TASK BRIEF. Word for word, output the data that follows.

(Records from a data collection)
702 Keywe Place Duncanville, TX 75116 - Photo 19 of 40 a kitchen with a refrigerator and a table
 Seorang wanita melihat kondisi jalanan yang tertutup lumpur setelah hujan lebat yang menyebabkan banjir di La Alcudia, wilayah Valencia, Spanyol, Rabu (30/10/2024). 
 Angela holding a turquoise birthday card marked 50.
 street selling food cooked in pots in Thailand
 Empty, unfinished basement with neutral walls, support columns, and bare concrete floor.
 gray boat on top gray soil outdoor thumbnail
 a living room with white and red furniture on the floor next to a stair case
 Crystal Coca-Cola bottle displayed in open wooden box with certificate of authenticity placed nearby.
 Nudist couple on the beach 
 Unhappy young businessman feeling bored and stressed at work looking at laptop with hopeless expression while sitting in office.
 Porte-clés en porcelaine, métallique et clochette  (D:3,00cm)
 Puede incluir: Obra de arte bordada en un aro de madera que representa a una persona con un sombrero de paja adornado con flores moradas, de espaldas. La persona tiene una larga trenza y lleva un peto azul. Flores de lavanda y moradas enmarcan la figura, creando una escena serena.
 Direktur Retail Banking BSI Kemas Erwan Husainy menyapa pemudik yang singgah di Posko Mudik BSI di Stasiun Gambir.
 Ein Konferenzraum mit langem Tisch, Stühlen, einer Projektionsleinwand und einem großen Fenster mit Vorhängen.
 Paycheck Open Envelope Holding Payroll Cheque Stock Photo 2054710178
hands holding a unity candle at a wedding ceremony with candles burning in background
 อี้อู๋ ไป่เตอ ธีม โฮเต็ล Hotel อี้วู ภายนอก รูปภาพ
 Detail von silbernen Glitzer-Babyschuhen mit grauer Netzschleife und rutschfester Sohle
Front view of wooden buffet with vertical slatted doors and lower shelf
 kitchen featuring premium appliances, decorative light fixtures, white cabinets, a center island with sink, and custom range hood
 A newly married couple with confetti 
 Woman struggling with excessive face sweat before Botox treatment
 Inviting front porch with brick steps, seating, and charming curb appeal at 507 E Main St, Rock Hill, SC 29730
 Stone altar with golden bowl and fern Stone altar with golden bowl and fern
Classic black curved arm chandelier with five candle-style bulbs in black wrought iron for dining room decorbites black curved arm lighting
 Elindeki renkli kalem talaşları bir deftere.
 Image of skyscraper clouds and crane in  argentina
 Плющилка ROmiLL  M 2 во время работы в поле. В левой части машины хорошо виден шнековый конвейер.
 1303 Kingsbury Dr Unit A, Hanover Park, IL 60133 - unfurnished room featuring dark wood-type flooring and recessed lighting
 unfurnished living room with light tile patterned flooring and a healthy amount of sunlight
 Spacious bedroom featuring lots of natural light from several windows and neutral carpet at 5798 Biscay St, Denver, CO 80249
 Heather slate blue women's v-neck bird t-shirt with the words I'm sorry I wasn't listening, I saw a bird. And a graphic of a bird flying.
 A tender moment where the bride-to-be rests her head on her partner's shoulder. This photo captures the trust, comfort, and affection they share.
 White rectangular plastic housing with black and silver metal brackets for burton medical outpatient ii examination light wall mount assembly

SOLUTION.
702 Keywe Place Duncanville, TX 75116 - Photo 19 of 40 a kitchen with a refrigerator and a table
 Seorang wanita melihat kondisi jalanan yang tertutup lumpur setelah hujan lebat yang menyebabkan banjir di La Alcudia, wilayah Valencia, Spanyol, Rabu (30/10/2024). 
 Angela holding a turquoise birthday card marked 50.
 street selling food cooked in pots in Thailand
 Empty, unfinished basement with neutral walls, support columns, and bare concrete floor.
 gray boat on top gray soil outdoor thumbnail
 a living room with white and red furniture on the floor next to a stair case
 Crystal Coca-Cola bottle displayed in open wooden box with certificate of authenticity placed nearby.
 Nudist couple on the beach 
 Unhappy young businessman feeling bored and stressed at work looking at laptop with hopeless expression while sitting in office.
 Porte-clés en porcelaine, métallique et clochette  (D:3,00cm)
 Puede incluir: Obra de arte bordada en un aro de madera que representa a una persona con un sombrero de paja adornado con flores moradas, de espaldas. La persona tiene una larga trenza y lleva un peto azul. Flores de lavanda y moradas enmarcan la figura, creando una escena serena.
 Direktur Retail Banking BSI Kemas Erwan Husainy menyapa pemudik yang singgah di Posko Mudik BSI di Stasiun Gambir.
 Ein Konferenzraum mit langem Tisch, Stühlen, einer Projektionsleinwand und einem großen Fenster mit Vorhängen.
 Paycheck Open Envelope Holding Payroll Cheque Stock Photo 2054710178
hands holding a unity candle at a wedding ceremony with candles burning in background
 อี้อู๋ ไป่เตอ ธีม โฮเต็ล Hotel อี้วู ภายนอก รูปภาพ
 Detail von silbernen Glitzer-Babyschuhen mit grauer Netzschleife und rutschfester Sohle
Front view of wooden buffet with vertical slatted doors and lower shelf
 kitchen featuring premium appliances, decorative light fixtures, white cabinets, a center island with sink, and custom range hood
 A newly married couple with confetti 
 Woman struggling with excessive face sweat before Botox treatment
 Inviting front porch with brick steps, seating, and charming curb appeal at 507 E Main St, Rock Hill, SC 29730
 Stone altar with golden bowl and fern Stone altar with golden bowl and fern
Classic black curved arm chandelier with five candle-style bulbs in black wrought iron for dining room decorbites black curved arm lighting
 Elindeki renkli kalem talaşları bir deftere.
 Image of skyscraper clouds and crane in  argentina
 Плющилка ROmiLL  M 2 во время работы в поле. В левой части машины хорошо виден шнековый конвейер.
 1303 Kingsbury Dr Unit A, Hanover Park, IL 60133 - unfurnished room featuring dark wood-type flooring and recessed lighting
 unfurnished living room with light tile patterned flooring and a healthy amount of sunlight
 Spacious bedroom featuring lots of natural light from several windows and neutral carpet at 5798 Biscay St, Denver, CO 80249
 Heather slate blue women's v-neck bird t-shirt with the words I'm sorry I wasn't listening, I saw a bird. And a graphic of a bird flying.
 A tender moment where the bride-to-be rests her head on her partner's shoulder. This photo captures the trust, comfort, and affection they share.
 White rectangular plastic housing with black and silver metal brackets for burton medical outpatient ii examination light wall mount assembly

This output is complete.